Wenn der Nachtwächter bis zu dreimal wöchentlich durch die Gassen zieht, verschließen einige Bewohner zum Schutz vor neugierigen Blicken die Fensterläden, andere lassen sich auf das Spektakel ein und spielen sogar mit. Einer davon ist Jens Schwarzer, der allein das „Hexenhäuschen“ in der Margaretenstraße bewohnt und die Gruppe sogar seine Räume inspizieren lässt.

Zu verdanken haben die Gäste dies Creinvelt-Mitglied Franz-Josef von der Hocht. Der Malermeister ist Besitzer des Fachwerkhauses, das er 1986 in abbruchreifem Zustand gekauft hat, um es „für meine Vaterstadt zu erhalten“. „Spaziergänger klingeln gelegentlich und bitten um Zutritt“, sagt Schwarzer lachend. An einer Station in der Issumer Straße öffnet sich plötzlich ein Fenster und eine mit Nachthaube bekleidete Frau schüttet eine Schüssel aus, um sogleich in einen mundartlichen Disput mit dem Nachtwächter zu verfallen. Einige Häuser weiter — nach einer Anekdote über den schläfrigen Dorfpolizisten — öffnet ein ehemaliger Polizeibeamter im Nachtgewand mit Pickelhaube die Tür.

Auch von der Architektur bekommt die Gruppe einiges mit: von bergischem und schwäbischem Fachwerk und zum Teil noch heute zugemauerten Fenstern, weil der Kurfürst die Steuer nach Fenstergröße berechnete. Auch dass es lange nur stinkende Klärgruben im Garten, aber kein Abwassersystem in Linn gab. Und dass sich Katholiken und Protestanten gegenseitig damit ärgerten, die Gruben an Festtagen der Andersgläubigen zu leeren und vor der Prozession mit den Fäkalien herfuhren.

Lehrreiches wechselt mit schaurig schönen Anekdoten. So sollen die Linner Wirte von Gehängten am Richtplatz die Daumen abgeschnitten und ins Bier geworfen haben, um den Umsatz zu erhöhen. Auch Hexenprozesse waren an der Tagesordnung und ein Bürgermeister wurde wegen Holzdiebstahls verurteilt.

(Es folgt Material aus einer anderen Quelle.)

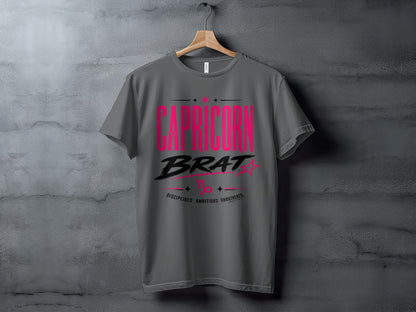 Grey t-shirt with "CAPRICORN BRAT" in pink and black stylized text.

Einen Höhepunkt auf dem Burgplatz stellte beim Rundgang eine Übung der historischen Feuerwehr dar. Die Creinvelter mussten unter militärischen Kommandos eine Löschkette mit Wassereimern bilden und hatten Glück, dass die handbetriebene schwergängige Spritzenpumpe defekt war.